Zelaya’s successors, particularly Honduras’ current President, Juan Orlando Hernandez, who defeated Zelaya’s wife, Xiomara Castro, in a fraud-riddled, widely disputed election characterized by assassinations of opposition party activists, have instituted a brutal dictatorship that has destroyed social cohesion. They have been implicated in land grabs by wealthy businessmen and corporations, oppression and marginalization of indigenous populations, and widespread murder of activists and political opponents.
Under their leadership, Honduras has had the highest murder rate in the world. The total breakdown in social cohesion has opened the country to brutal drug cartels. Whether or not members of the government have been directly involved in the drug trade, they have done little more than watch as drug lords have taken over large sections of the country. Honduras’ increasingly marginalized and threatened indigenous populations are squeezed between greedy and unprincipled rich landowners and businesses, a brutal and corrupt government that supports those businesses and stops at nothing to suppress opposition, and equally brutal drug lords who force the powerless into serving as their agents.
Rather than go into further detail here about our imperialist history in Honduras and other Central American nations and the resulting collapse of social order, I refer you to an excellent article by a writer of Honduran heritage, Hector Luis Alamo, Jr.
So the Honduran children are not ordinary immigrants. They are refugees. The US has accepted and resettled refugees from Africa, Asia, and Latin America. Recent refugees have come from countries as diverse as Iraq, Myanmar, Darfur, and Somalia. According to the 1951 international Convention relating to the Status of Refugees, a refugee is defined as a person who:
owing to a well-founded fear of being persecuted for reasons of race, religion, nationality, membership of a particular social group, or political opinion, is outside the country of his nationality, and is unable to or, owing to such fear, is unwilling to avail himself of the protection of that country.
Do the Honduran children meet the definition of refugees? They and their families have been caught between powerful drug cartels and a rapacious and corrupt US-supported government that neither can nor wants to protect them.
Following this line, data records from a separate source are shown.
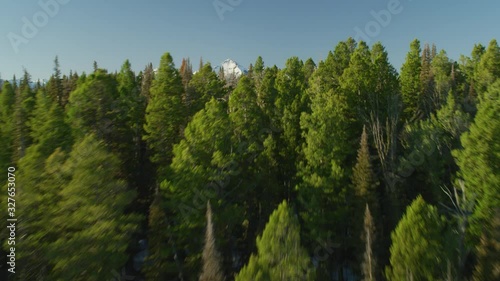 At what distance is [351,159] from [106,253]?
2307 centimetres

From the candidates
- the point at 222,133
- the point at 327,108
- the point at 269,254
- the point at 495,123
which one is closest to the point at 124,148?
the point at 222,133

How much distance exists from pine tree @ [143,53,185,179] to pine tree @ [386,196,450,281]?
806 inches

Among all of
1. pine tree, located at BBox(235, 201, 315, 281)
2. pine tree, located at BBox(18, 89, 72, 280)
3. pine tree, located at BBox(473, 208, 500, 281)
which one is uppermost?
pine tree, located at BBox(18, 89, 72, 280)

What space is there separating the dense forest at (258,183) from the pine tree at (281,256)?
0.06 metres

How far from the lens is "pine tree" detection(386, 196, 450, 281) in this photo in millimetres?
18250

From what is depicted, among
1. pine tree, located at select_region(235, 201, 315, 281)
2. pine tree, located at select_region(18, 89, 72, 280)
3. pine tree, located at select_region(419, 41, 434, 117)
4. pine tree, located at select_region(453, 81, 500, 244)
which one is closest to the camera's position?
pine tree, located at select_region(235, 201, 315, 281)

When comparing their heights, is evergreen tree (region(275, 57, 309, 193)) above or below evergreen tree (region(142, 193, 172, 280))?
above

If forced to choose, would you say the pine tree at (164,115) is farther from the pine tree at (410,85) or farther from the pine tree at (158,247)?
the pine tree at (410,85)

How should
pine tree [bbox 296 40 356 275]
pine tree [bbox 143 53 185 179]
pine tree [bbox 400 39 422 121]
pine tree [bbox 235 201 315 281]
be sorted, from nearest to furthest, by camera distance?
1. pine tree [bbox 235 201 315 281]
2. pine tree [bbox 296 40 356 275]
3. pine tree [bbox 143 53 185 179]
4. pine tree [bbox 400 39 422 121]

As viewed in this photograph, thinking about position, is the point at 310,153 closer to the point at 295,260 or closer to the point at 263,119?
the point at 263,119

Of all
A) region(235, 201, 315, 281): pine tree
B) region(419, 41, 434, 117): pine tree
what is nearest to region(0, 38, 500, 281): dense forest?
region(235, 201, 315, 281): pine tree

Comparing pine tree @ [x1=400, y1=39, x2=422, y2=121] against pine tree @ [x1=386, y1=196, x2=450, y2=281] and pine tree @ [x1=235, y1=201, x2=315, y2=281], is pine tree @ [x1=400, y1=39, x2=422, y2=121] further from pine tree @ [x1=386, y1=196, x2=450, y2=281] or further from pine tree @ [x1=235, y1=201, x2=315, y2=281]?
pine tree @ [x1=235, y1=201, x2=315, y2=281]

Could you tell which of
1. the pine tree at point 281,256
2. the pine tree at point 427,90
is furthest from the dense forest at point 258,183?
the pine tree at point 427,90

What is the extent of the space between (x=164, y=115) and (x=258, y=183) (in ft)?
36.5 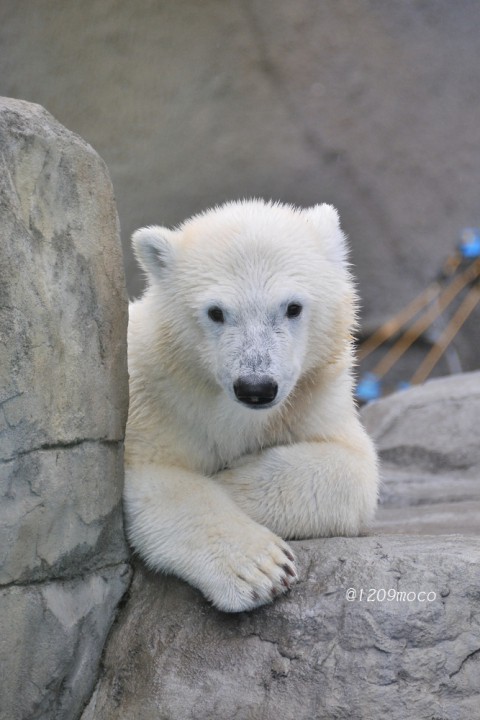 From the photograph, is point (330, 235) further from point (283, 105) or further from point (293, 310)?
point (283, 105)

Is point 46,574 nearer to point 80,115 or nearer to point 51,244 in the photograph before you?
point 51,244

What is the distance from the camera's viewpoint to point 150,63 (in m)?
6.59

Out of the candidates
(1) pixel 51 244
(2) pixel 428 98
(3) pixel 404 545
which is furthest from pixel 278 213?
(2) pixel 428 98

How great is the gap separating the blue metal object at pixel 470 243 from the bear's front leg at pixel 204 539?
15.1 ft

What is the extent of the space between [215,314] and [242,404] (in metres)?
0.33

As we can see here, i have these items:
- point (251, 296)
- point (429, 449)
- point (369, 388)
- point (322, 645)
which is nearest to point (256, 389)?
point (251, 296)

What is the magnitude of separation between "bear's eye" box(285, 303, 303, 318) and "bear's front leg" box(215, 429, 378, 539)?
46 centimetres

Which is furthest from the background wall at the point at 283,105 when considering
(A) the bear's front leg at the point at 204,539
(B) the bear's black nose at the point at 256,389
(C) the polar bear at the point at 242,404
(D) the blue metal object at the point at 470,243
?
(B) the bear's black nose at the point at 256,389

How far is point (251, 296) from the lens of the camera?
9.31 ft

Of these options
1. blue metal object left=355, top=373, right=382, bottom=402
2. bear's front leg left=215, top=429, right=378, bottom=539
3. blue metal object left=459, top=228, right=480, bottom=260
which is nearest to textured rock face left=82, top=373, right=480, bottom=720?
bear's front leg left=215, top=429, right=378, bottom=539

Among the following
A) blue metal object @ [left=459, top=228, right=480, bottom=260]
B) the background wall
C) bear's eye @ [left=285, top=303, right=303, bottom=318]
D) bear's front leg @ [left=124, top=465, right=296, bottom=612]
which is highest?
the background wall

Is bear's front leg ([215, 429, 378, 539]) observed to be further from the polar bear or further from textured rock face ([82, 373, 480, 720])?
textured rock face ([82, 373, 480, 720])

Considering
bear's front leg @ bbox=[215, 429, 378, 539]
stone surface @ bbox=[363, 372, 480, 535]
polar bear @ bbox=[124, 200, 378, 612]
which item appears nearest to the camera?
polar bear @ bbox=[124, 200, 378, 612]

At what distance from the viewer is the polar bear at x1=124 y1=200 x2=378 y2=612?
2734 mm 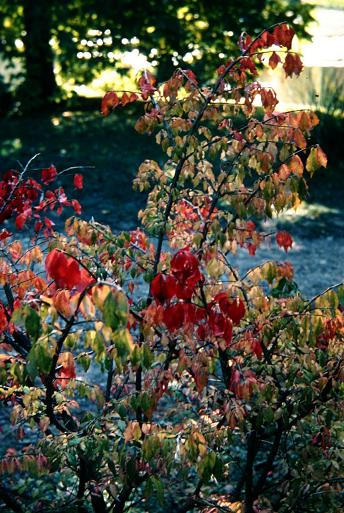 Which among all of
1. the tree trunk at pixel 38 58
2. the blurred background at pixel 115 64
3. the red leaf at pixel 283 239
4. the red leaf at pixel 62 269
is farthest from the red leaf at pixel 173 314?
the tree trunk at pixel 38 58

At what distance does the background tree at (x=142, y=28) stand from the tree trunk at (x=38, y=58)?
0.05ft

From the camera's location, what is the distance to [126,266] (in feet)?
11.1

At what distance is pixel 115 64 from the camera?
13227 millimetres

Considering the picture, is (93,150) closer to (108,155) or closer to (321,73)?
(108,155)

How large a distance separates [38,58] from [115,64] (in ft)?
4.85

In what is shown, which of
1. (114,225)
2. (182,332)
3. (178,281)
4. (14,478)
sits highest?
(178,281)

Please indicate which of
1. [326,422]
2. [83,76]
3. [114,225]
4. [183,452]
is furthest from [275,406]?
[83,76]

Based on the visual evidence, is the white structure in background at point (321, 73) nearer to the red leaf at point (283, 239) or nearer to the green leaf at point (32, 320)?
the red leaf at point (283, 239)

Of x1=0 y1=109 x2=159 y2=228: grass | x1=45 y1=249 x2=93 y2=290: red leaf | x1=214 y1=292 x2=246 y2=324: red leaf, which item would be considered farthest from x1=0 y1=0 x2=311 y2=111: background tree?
x1=45 y1=249 x2=93 y2=290: red leaf

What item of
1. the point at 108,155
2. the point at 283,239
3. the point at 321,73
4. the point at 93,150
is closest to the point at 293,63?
the point at 283,239

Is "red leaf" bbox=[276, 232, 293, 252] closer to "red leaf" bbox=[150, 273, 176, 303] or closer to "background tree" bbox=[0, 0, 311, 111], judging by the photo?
"red leaf" bbox=[150, 273, 176, 303]

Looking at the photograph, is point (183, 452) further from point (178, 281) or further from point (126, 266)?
point (126, 266)

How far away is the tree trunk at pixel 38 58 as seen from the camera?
13031 mm

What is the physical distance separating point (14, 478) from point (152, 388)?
79.8 inches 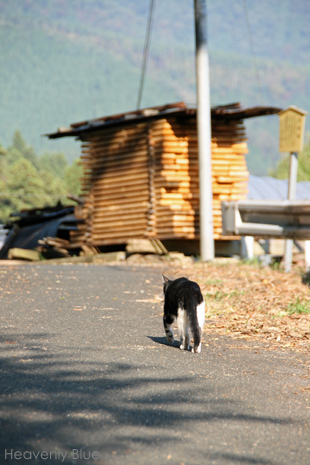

Certainly, the violence in their own country represents a significant threat to them, and their government, rather than protecting them, oppresses them, supporting the business interests and large landowners who would deprive the fleeing children and their families of their land and livelihood. Some have even argued that the government is complicit in the drug trade. The Honduran refugee children are clearly of indigenous ancestry, making them members of a “persecuted . . . social group,” incidentally a group whose ancestors were in the Americas long before most of ours.
But whether or not they meet the strict criteria of refugee, we are responsible for taking care of them. They are children, they are hurting, and they have nowhere else to turn. And they are here because we supported an oppressive government that drove them to flee their country. I hear the arguments that we cannot afford to take care of these children. But we are among the richest countries in the world.
According to the United Nations High Commission for refugees, a much smaller and poorer nation, Jordan “continues to provide asylum for a large number of Syrians, Iraqis and other refugees, despite the substantial strain on national systems and infrastructure.”
Those “large numbers” total more than a million, including 500,000 Syrians and 30,000 Iraqis.
While we in the United States have a population of nearly 320 million, Jordan has only 8 million people; while the United States has an area of almost 10 million square kilometers, Jordan has only about 90,000 square kilometers; and while our gdp is $16 trillion or $52,000 per person, Jordan’s gdp is $40 billion or $6100 per person.
If Jordon can take in over a million refugees, why cannot we, with 40 times Jordan’s population, 90 times its land, and 400 times its financial resources, take in a few thousand suffering refugee children? The simple answer is our overwhelming greed and selfishness. And so I despise and verbally spit upon the border residents who bully the children with signs, telling them to go home, the yahoos in Congress who describe the Honduran children as some kind of invasion or pollutant, and idiot Republican bullies like Rick Perry, who are sending troops to drive the children out!